The solution was distilled in a Perkin-Elmer Mode 251 Autoannular Spinning Band Still (200 plate fractionating capability), using about a 10:1 reflux to take-off ratio. Head and pot temperatures were read directly to 0.1° C. All temperatures were adjusted to 760 mm Hg pressure. Distillate compositions were determined by gas chromatography. Results obtained are summarized in Table 3.
TABLE 3
______________________________________
DISTILLATION OF
(9.5 + 90.5)
1,1,1,2,3,3-HEXAFLUORO-3-METHOXYPROPANE
(HFMOP) AND
1,1-DICHLORO-1,2-DIFLUOROETHANE (11-12)
WT %
TEMPERA- DISTILLED
TURE, °C.
OR Percentages
CUTS POT HEAD RECOVERED HFMOP 11-12
______________________________________
1 47.8 48.8 7.0 12.7 87.3
2 47.8 48.7 15.7 10.6 89.4
3 47.8 48.7 24.5 10.3 89.7
4 47.7 48.6 37.2 10.1 89.9
5 47.8 48.7 48.6 10.0 90.0
6 47.9 48.8 59.0 10.0 90.0
7 48.0 48.9 70.6 9.6 90.4
8 48.1 49.0 79.7 9.7 90.3
HEEL -- -- 92.3 8.1 91.9
______________________________________
Analysis of the above data indicates only small differences exist between temperatures and distillate compositions, as the distillation progressed.

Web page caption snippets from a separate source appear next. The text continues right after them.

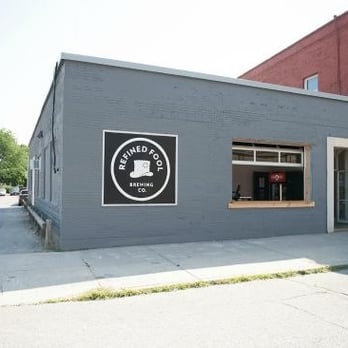 Refined Fool Brewing - the outside of the building - Breweries Near Me - Sarnia, Ontario Refined Fool Brewing - the outside of the building - Breweries Near Me - Sarnia, Ontario
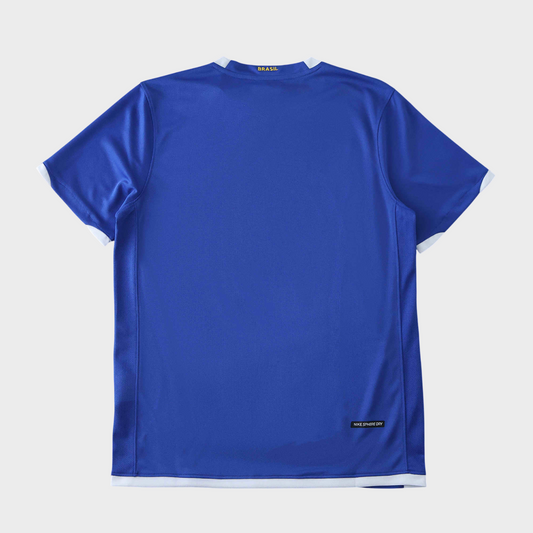 Camisa Retrô Nike Seleção Brasileira 2006 Nike II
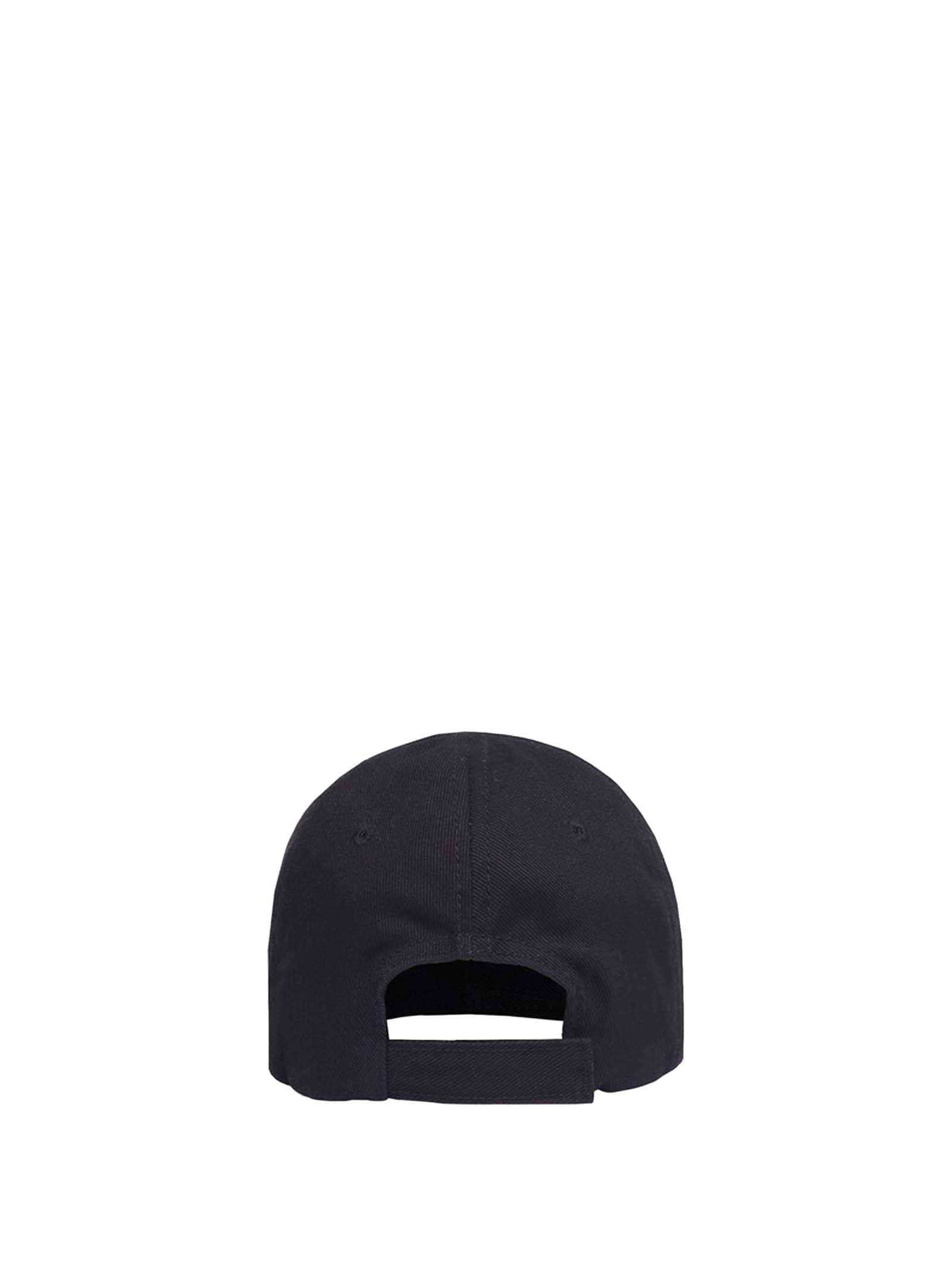 balenciaga bb mode cap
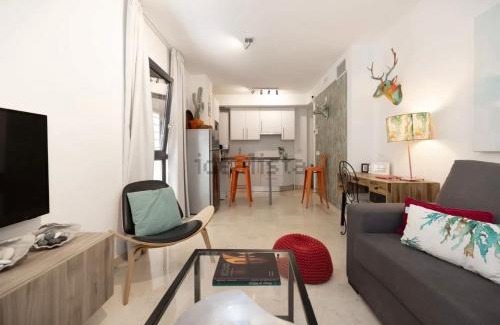 Perchel Sur Apartamento | MALAGA BEACH & CENTER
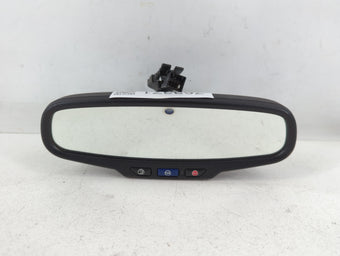compare product 2011-2017 Buick Regal Interior Rear View Mirror Replacement OEM P/N:IE11026539 Fits OEM Used Auto Parts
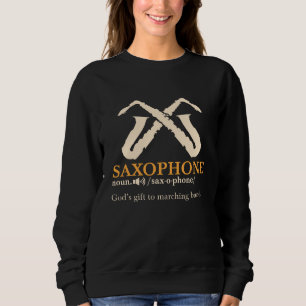 Camiseta Saxofone - Definição Saxofônica
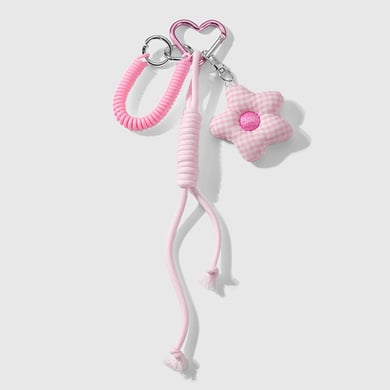 1 Piece Romantic Series Sweet Heart Alloy Women's Bag Charms h5 Picture3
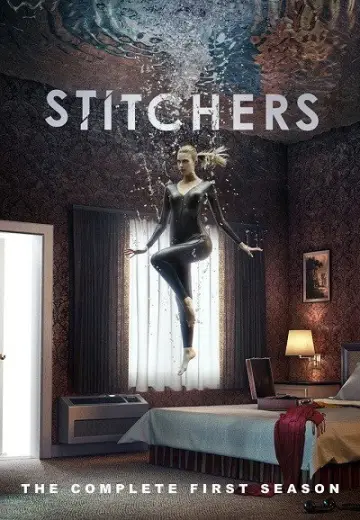 Poster for the TV series "Stitchers" #1720988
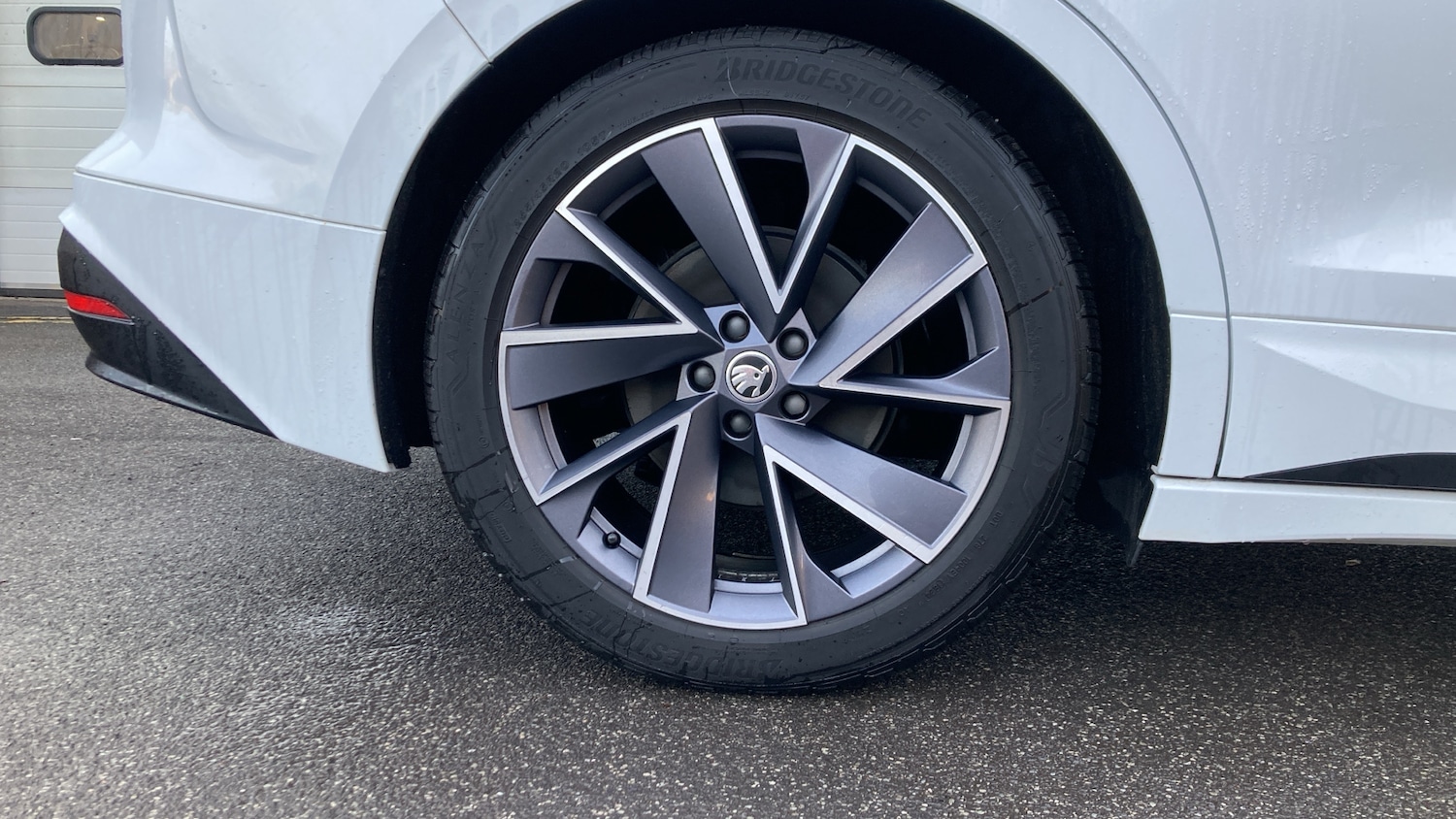 Used Skoda Enyaq 2022 for sale - 77104030: Photo 5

A statistical analysis of the data indicates that the true binary azeotrope of
1,1,1,2,3,3-hexafluoro-3-methoxypropane and 1,1-dichloro-1,2-difluoroethane has the following characteristics at atmospheric pressure (99 percent confidence limits):
1,1,1,2,3,3-Hexafluoro-3-methoxypropane=10.0±1.0 wt. %
1,1-Dichloro-1,2-difluoroethane=90.0±1.0 wt. %
Boiling point, ° C.=48.8±0.4
A solution which contained 87.5 weight percent 1,1,1,2,3,3-hexafluoro-3-methoxypropane (gas chromatographic purity=97.9% by weight) and 12.5 weight percent 1,2-dichloro-1,2-difluoroethane was prepared in a suitable container and mixed thoroughly.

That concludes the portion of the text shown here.